This section focuses on the critical importance of understanding yourself—your values, needs, preferences, and limits—to effectively support both yourself and those around you. Miller emphasizes that self-awareness forms the foundation for authentic living, meaningful connections, and sustainable health.

Understanding Core Qualities, Traits, and Preferences

Miller emphasizes that self-discovery forms the basis of developing genuine self-compassion and being authentic in relationships. This involves an honest exploration of your values, needs, desires, and limits. It's about recognizing what makes you feel at ease and uneasy, understanding your natural reactions in various situations, and acknowledging your boundaries and limits.

Identifying Your Values and Priorities

Miller suggests you identify your fundamental principles, the guiding tenets that shape your priorities, decisions, behaviors, and relationships. Start by considering potential values such as acceptance, adventure, compassion, fairness, health, honesty, or resilience. Reflect on which resonate most deeply with you and how they currently manifest in your experience.

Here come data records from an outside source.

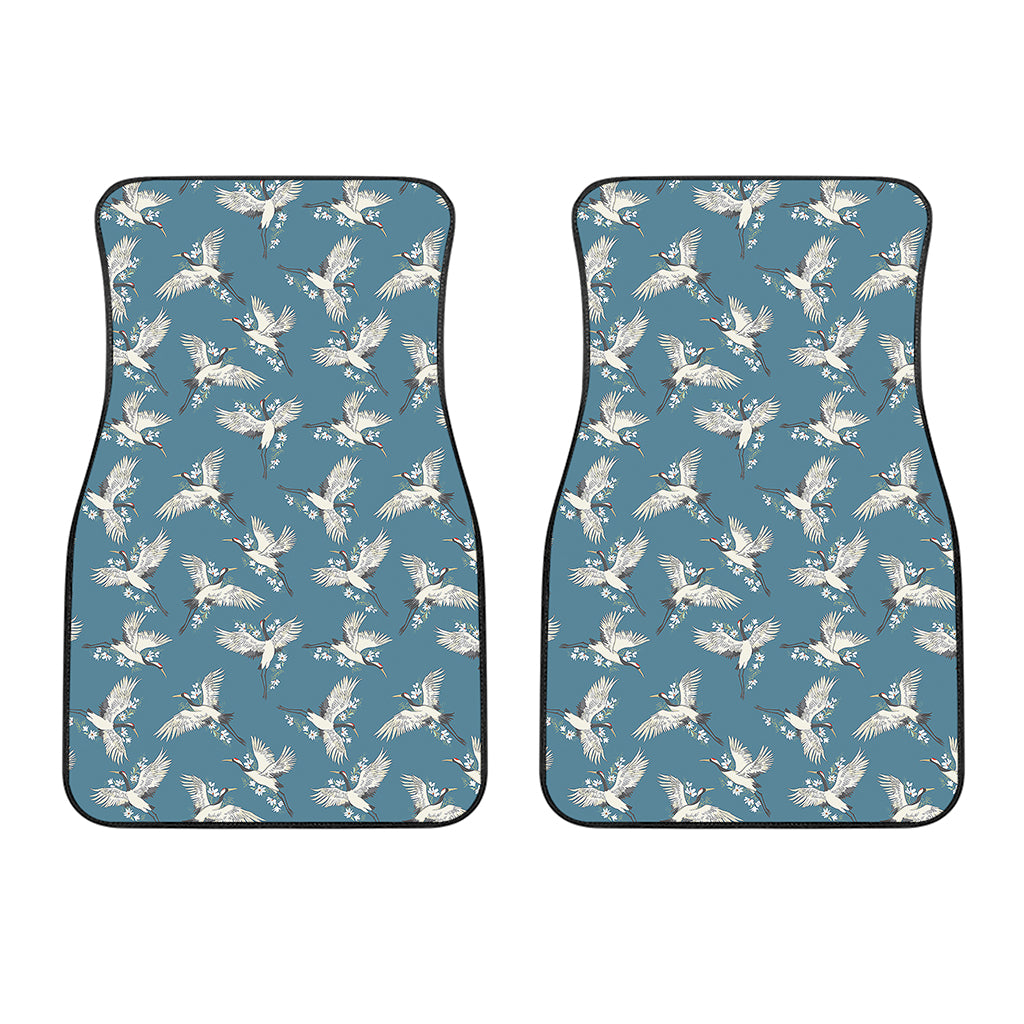 Flying Crane Bird Pattern Print Front Car Floor Mats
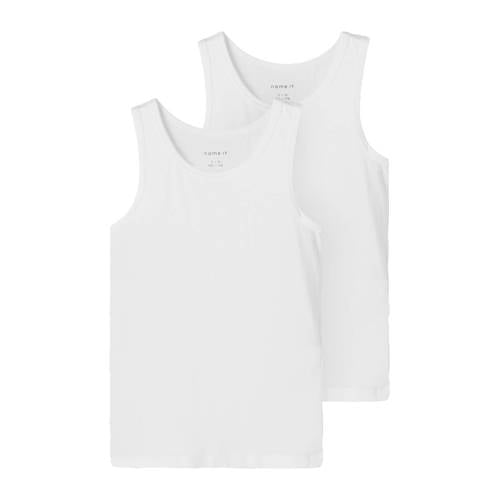 NAME IT KIDS hemd NKMTANK - set van 2 wit Jongens Stretchkatoen Ronde hals - maat 110 afbeelding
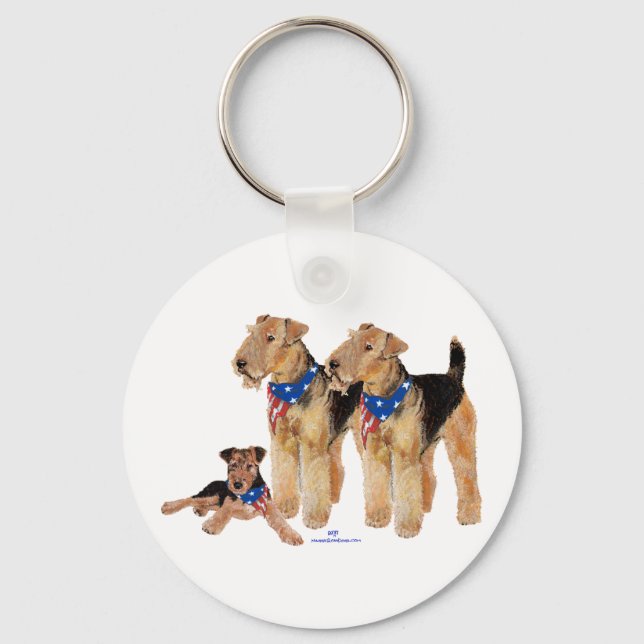 Chaveiro Airedale Terriers Bandeira Americana (Frente)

Consider which experiences have shaped your core beliefs. Do you align with them? If not, why not? By consciously acknowledging and honoring your values, you gain clarity on what's truly important to you. This empowers you to make choices that are aligned with your identity and values, fostering greater satisfaction and a sense of purpose.

Practical Tips

  • Use a "Priority Filter" for your to-do list. Before adding a task to your list, ask yourself which of your fundamental principles it serves. If it doesn't align with any, consider its importance or whether it should be on your list at all. This filter will help you focus on priorities that are not just urgent but also important to your core values, leading to a more purpose-driven approach to your tasks and time management.
  • Develop a "Compassion Card" system where you write down acts of kindness you witness or partake in on small cards, then pin them on a community board at a local cafe or library. This visual representation of compassion in action can inspire others and create a ripple effect of empathy within your community.
  • Engage in "Belief Mapping" with a friend or family member where you discuss and map out how your beliefs have been influenced by your shared experiences. This could be a powerful exercise in understanding how the same event can shape beliefs differently. For example, you and a sibling might have very different beliefs about financial security based on how you individually interpreted your family's economic status growing up.
  • Create a "Belief Board" in your living space to visually remind you of your core values. Use a corkboard or magnetic board and pin or attach notes, quotes, images, and symbols that represent your core beliefs. This constant visual reminder can help you make decisions that are aligned with your values and can serve as a daily prompt to live authentically.
  • Develop a decision-making flowchart that incorporates your values. Draw a simple flowchart that starts with a decision point and branches out into options based on your values. Before making a choice, follow the flowchart to see which option best aligns with your values. For instance, if you value health and have to choose a meal, your flowchart might guide you to options that are nutritious and satisfying rather than fast food.
  • Implement a weekly "values check-in" with a friend or family member. Partner with someone who is also interested in living a values-aligned life. Set up a weekly meeting where you discuss the choices you've made that week, how they've aligned with your values, and where you've faced challenges. This accountability partnership can provide support, perspective, and motivation to stay true to your values, especially when faced with difficult decisions.
Identifying Your Emotional Needs and Triggers

Miller argues that identifying your emotions is crucial for understanding yourself and recognizing your needs. Start by broadening the range of words you use for emotions. When you feel an intense emotion, consider asking: What's the name of this feeling? What triggered it? What is this emotion signaling about my underlying needs? Recognizing your emotional triggers and the underlying needs they reveal allows you to react to situations in a manner that nurtures your well-being.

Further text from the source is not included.